• [What you should do]
Copy out the data exactly as it appears, without a single image.

Captioned web images:
>>

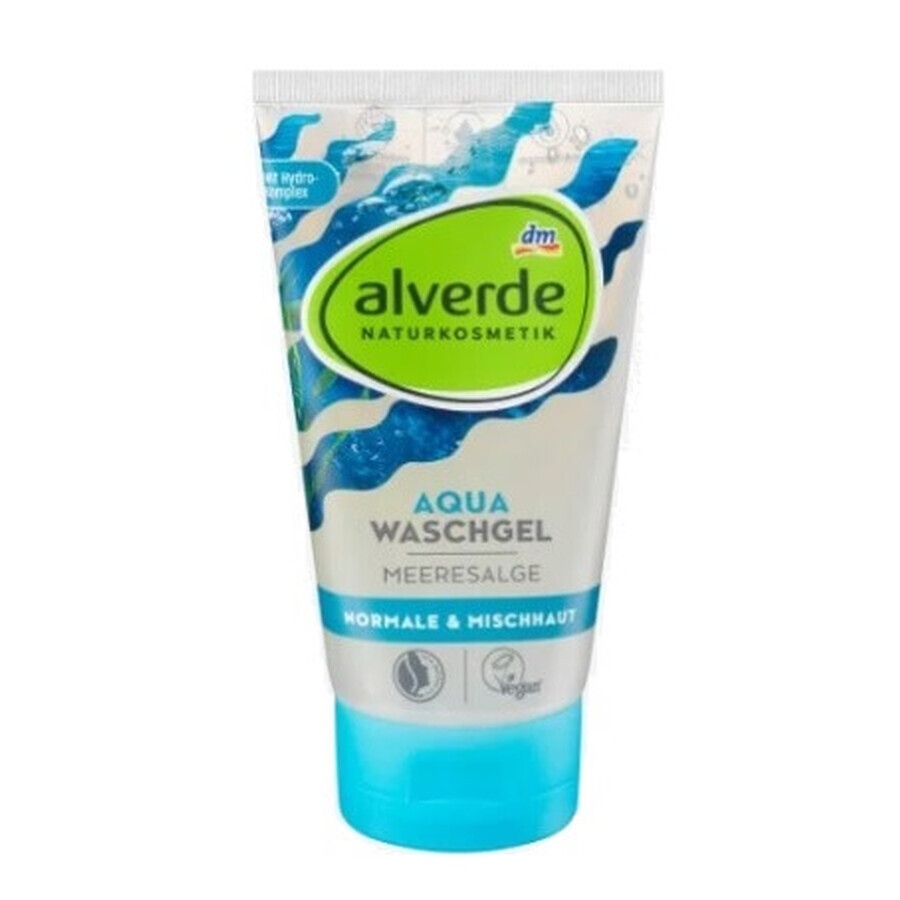 Alverde, Aqua, Peeling, 75 ml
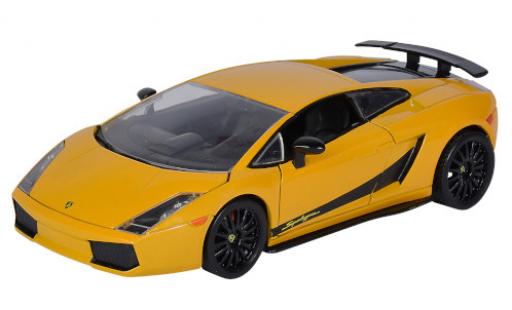 Diecast model cars Lamborghini Gallardo Superleggera metallic yellow/Dekor Fast & Furious 1/24 Jada Toys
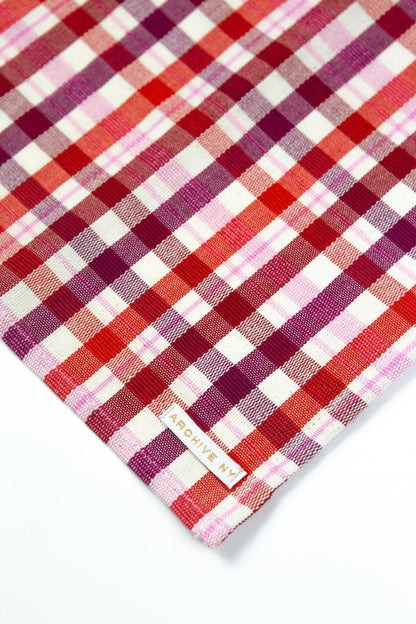 Noel Plaid Runner
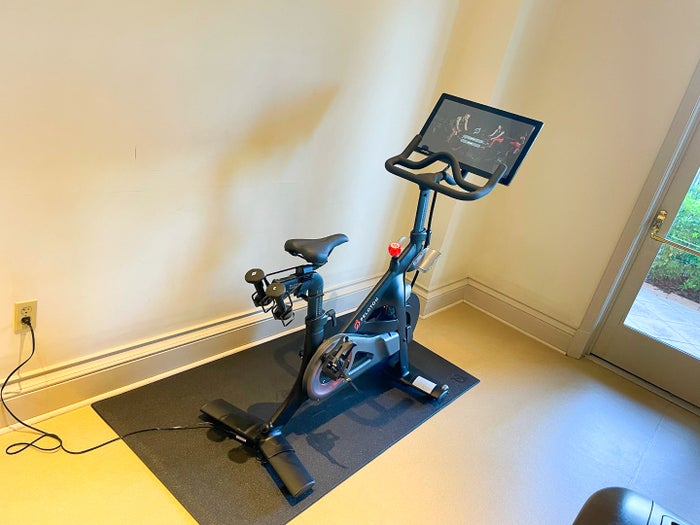 Ritz Carlton Orlando Grande Lakes Peloton Bike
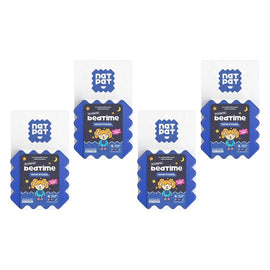 Natural Patch Co. NatPat Kids Bedtime Sleep Promoting 16 Pack Bundle of 4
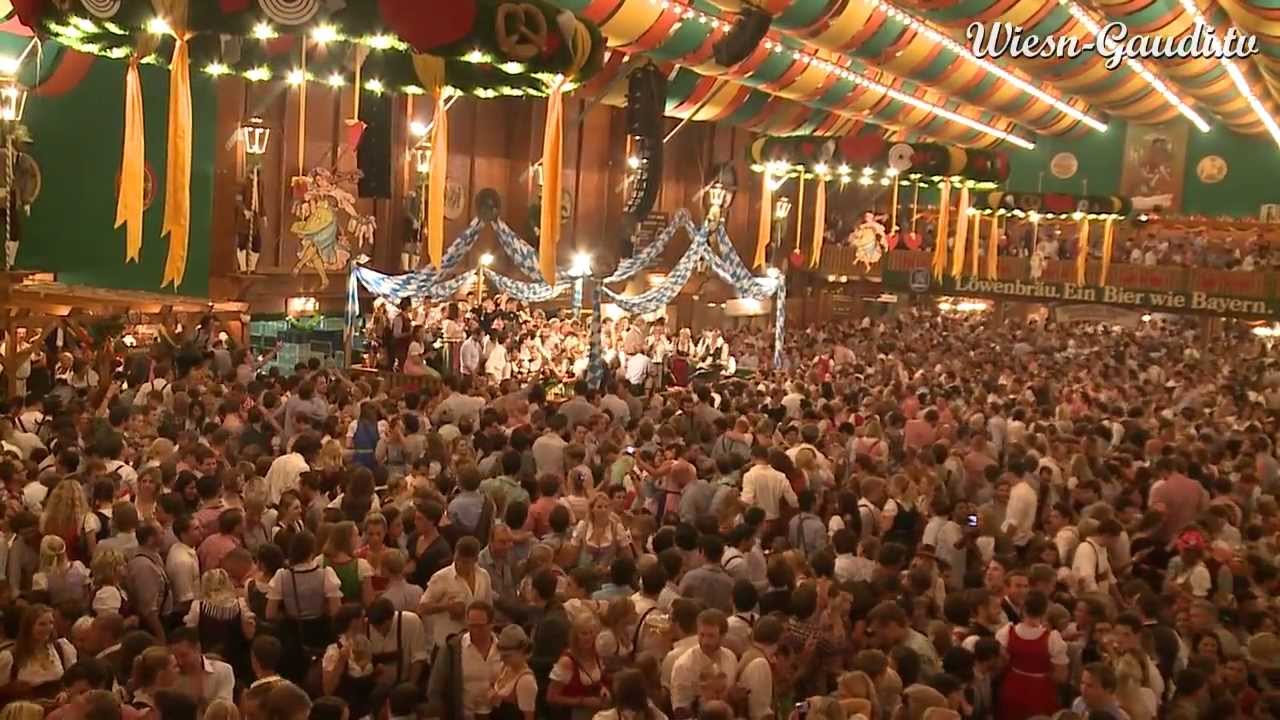 Schützenfestzelt Stimmung / Oktoberfest 2011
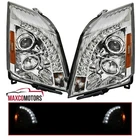 Fits 2008-2014 Cadillac Cts Led Strip Projector Headlights Lamp Left+right 08-14 New. Price: $269.49.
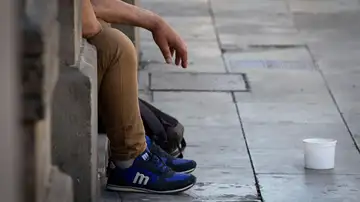 Aumenta el número de personas sin hogar en España Aumenta el número de personas sin hogar en España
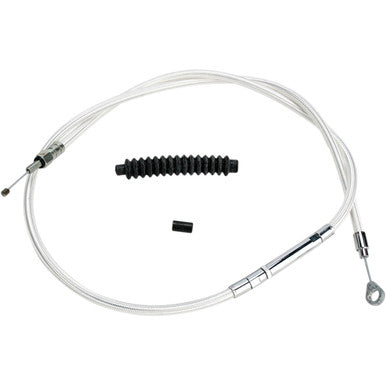 Barnett #1063010020HE6 - High-Efficiency Platinum Series Clutch Cable - +6" - Sportster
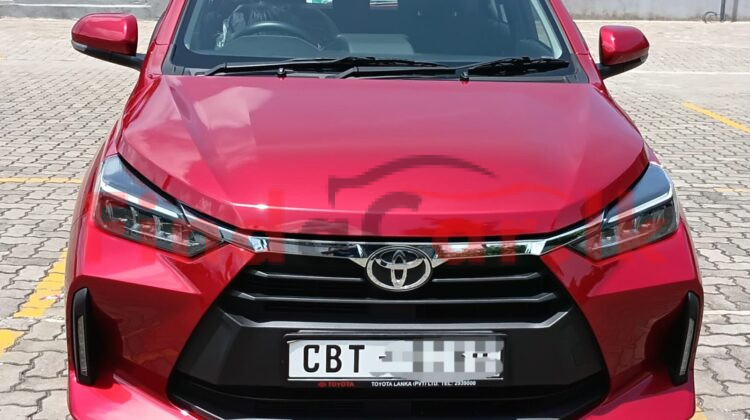 Toyota wigo E | FAC-SA-26JL-240457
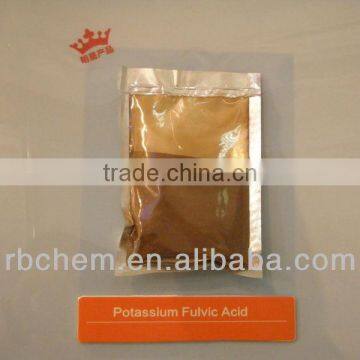 Potassium fulvate fertilizer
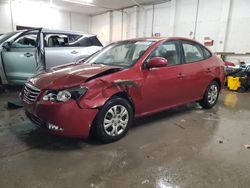 Salvage cars for sale at Madisonville, TN auction: 2010 Hyundai Elantra Blue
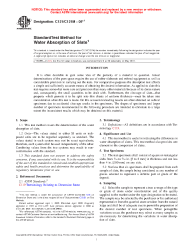 ASTM C121/C121M-09e1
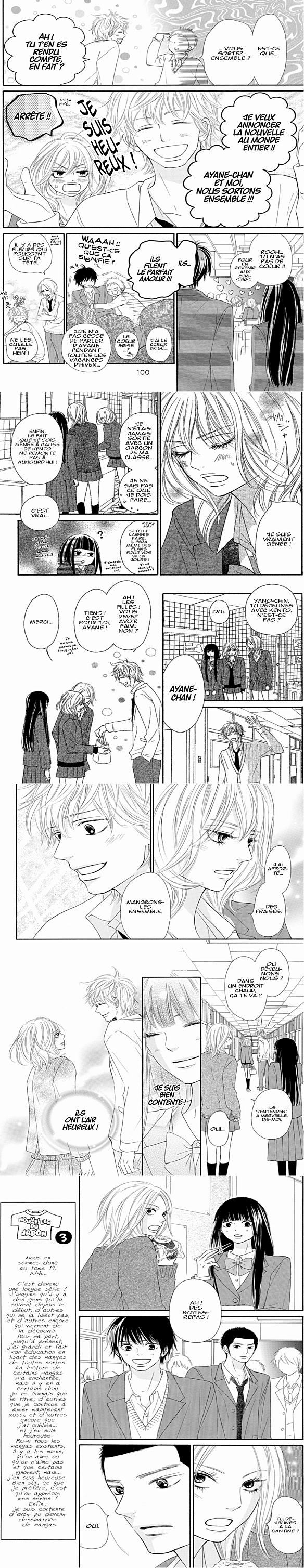 Read Kimi ni Todoke fr Manga Online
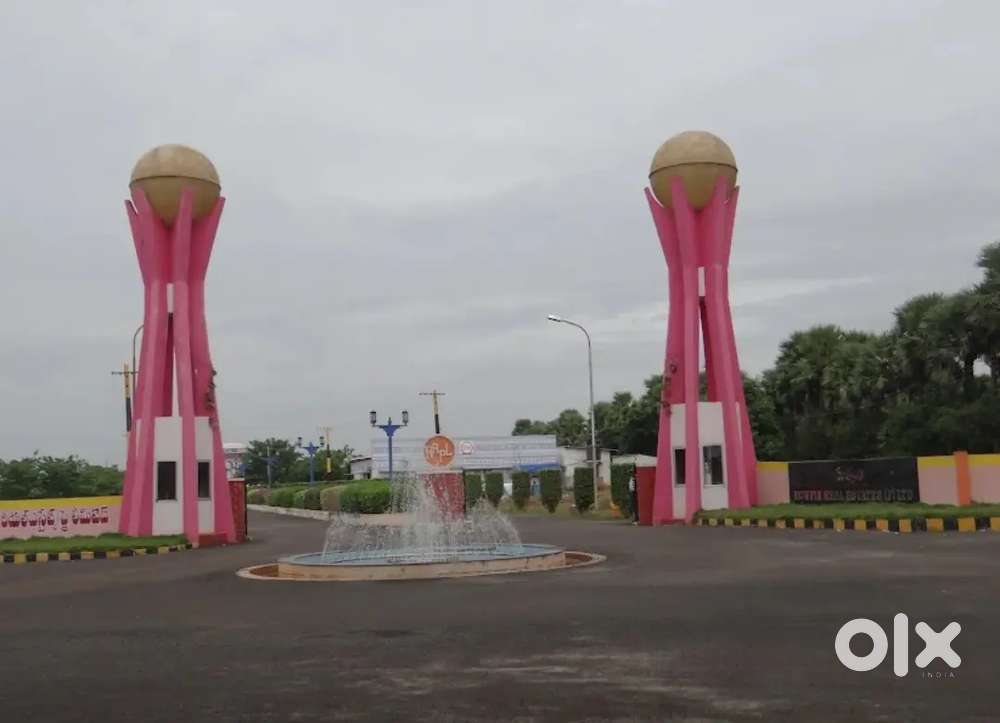 244 Sq Yds DTCP Plot in Sukruthi Venture, Near Pragati, Aditya college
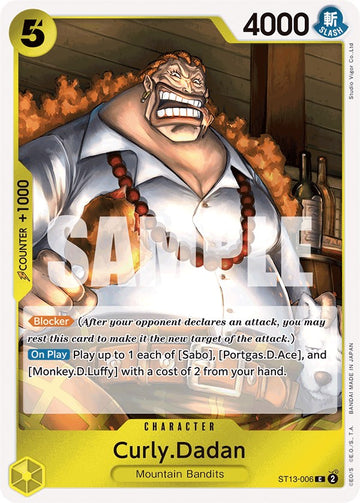 Curly.Dadan [Ultra Deck: Los tres hermanos] 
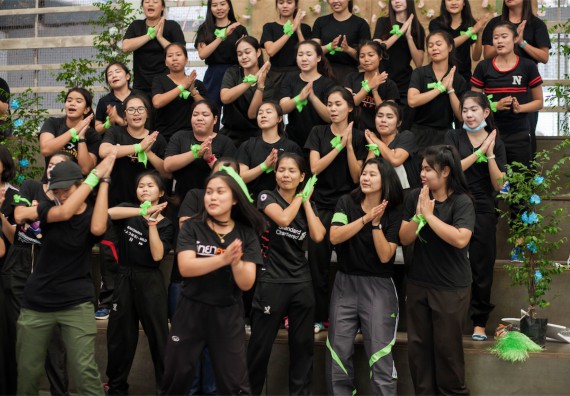ภาพกิจกรรม Scitech Sport Day คณะวิทยาศาสตร์และเทคโนโลยี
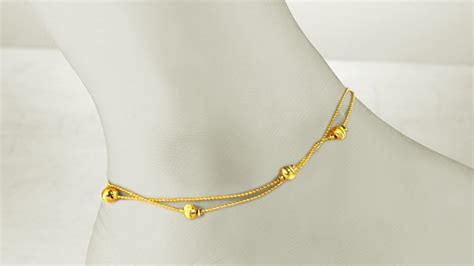 The 20 Best Ideas for Anklet Gold - Home, Family, Style and Art Ideas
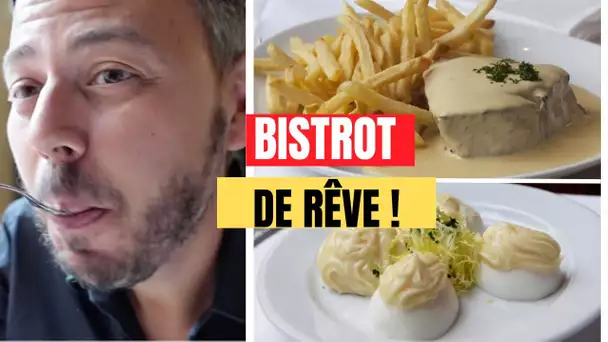 Un VRAI BISTROT 100% MAISON depuis 60 ans !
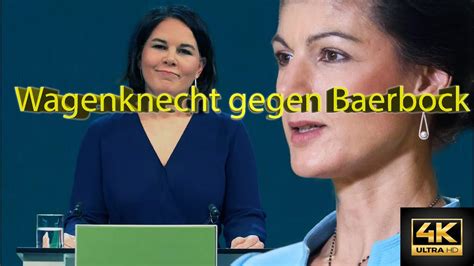 K Aktuelles Sarah Wagen Knecht Gegen Gr Ne Rohstoffknappheit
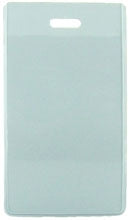 White Semi-Rigid Luggage Tag - 1845-2008, Qty = 100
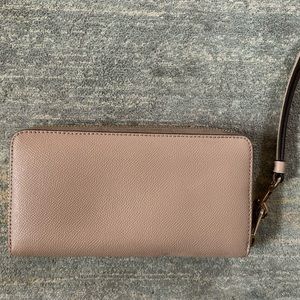 Coach Nude Leather Wallet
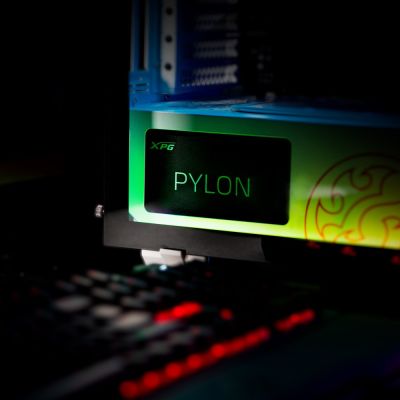 3. XPG PYLON 650W 24-pin ATX Power Supply Module Black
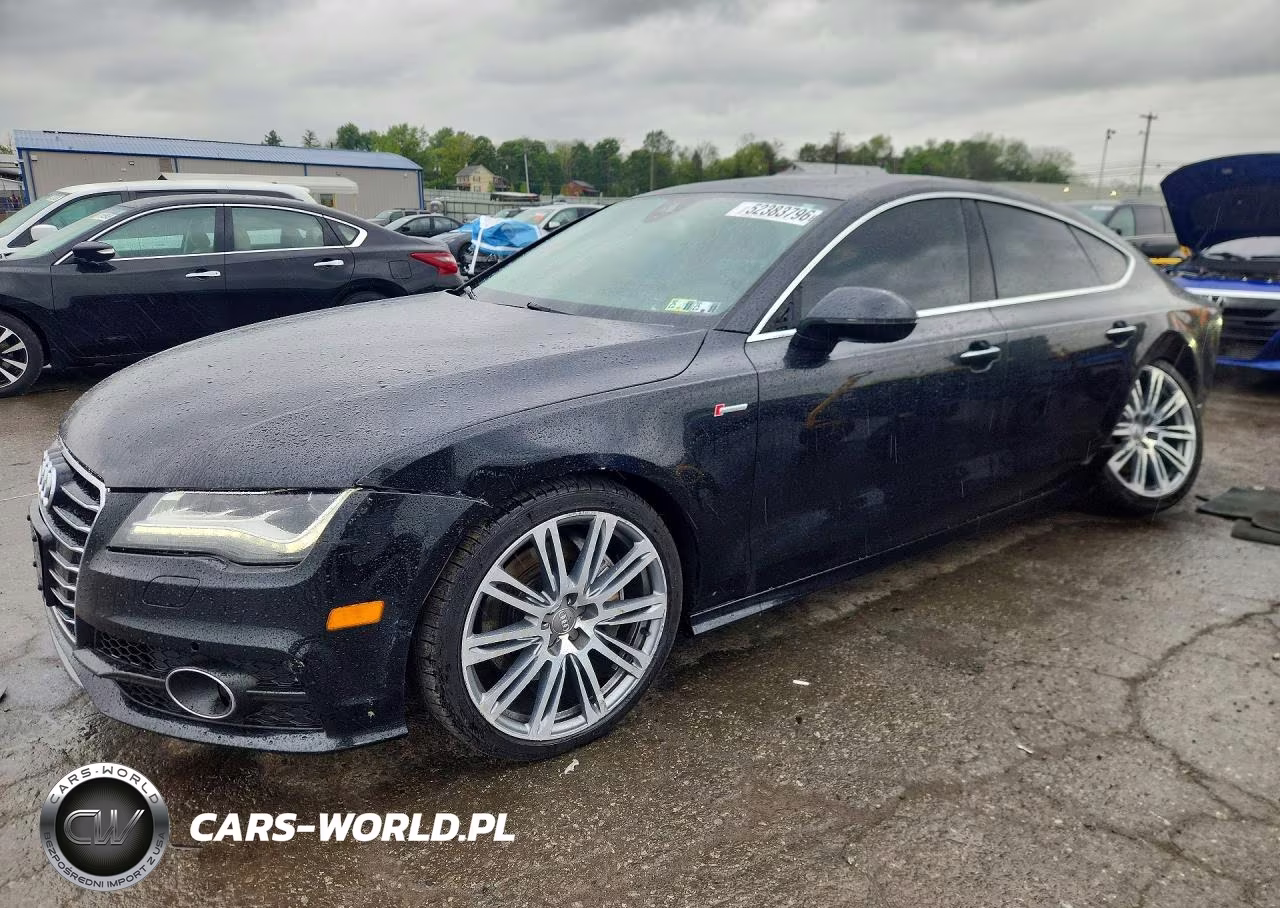 2013 Audi A7 Prestige – zdjęcie 1 z 12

<<

• [Task solution]
 Alverde, Aqua, Peeling, 75 ml
 Diecast model cars Lamborghini Gallardo Superleggera metallic yellow/Dekor Fast & Furious 1/24 Jada Toys
 Noel Plaid Runner
 Ritz Carlton Orlando Grande Lakes Peloton Bike
 Natural Patch Co. NatPat Kids Bedtime Sleep Promoting 16 Pack Bundle of 4
 Schützenfestzelt Stimmung / Oktoberfest 2011
 Fits 2008-2014 Cadillac Cts Led Strip Projector Headlights Lamp Left+right 08-14 New. Price: $269.49.
 Aumenta el número de personas sin hogar en España Aumenta el número de personas sin hogar en España
 Barnett #1063010020HE6 - High-Efficiency Platinum Series Clutch Cable - +6" - Sportster
 Toyota wigo E | FAC-SA-26JL-240457
 Potassium fulvate fertilizer
 Salvage cars for sale at Madisonville, TN auction: 2010 Hyundai Elantra Blue
 ASTM C121/C121M-09e1
 Read Kimi ni Todoke fr Manga Online
 244 Sq Yds DTCP Plot in Sukruthi Venture, Near Pragati, Aditya college
 Curly.Dadan [Ultra Deck: Los tres hermanos] 
ภาพกิจกรรม Scitech Sport Day คณะวิทยาศาสตร์และเทคโนโลยี
 The 20 Best Ideas for Anklet Gold - Home, Family, Style and Art Ideas
 Un VRAI BISTROT 100% MAISON depuis 60 ans !
 K Aktuelles Sarah Wagen Knecht Gegen Gr Ne Rohstoffknappheit
 White Semi-Rigid Luggage Tag - 1845-2008, Qty = 100
 Coach Nude Leather Wallet
 3. XPG PYLON 650W 24-pin ATX Power Supply Module Black
 2013 Audi A7 Prestige – zdjęcie 1 z 12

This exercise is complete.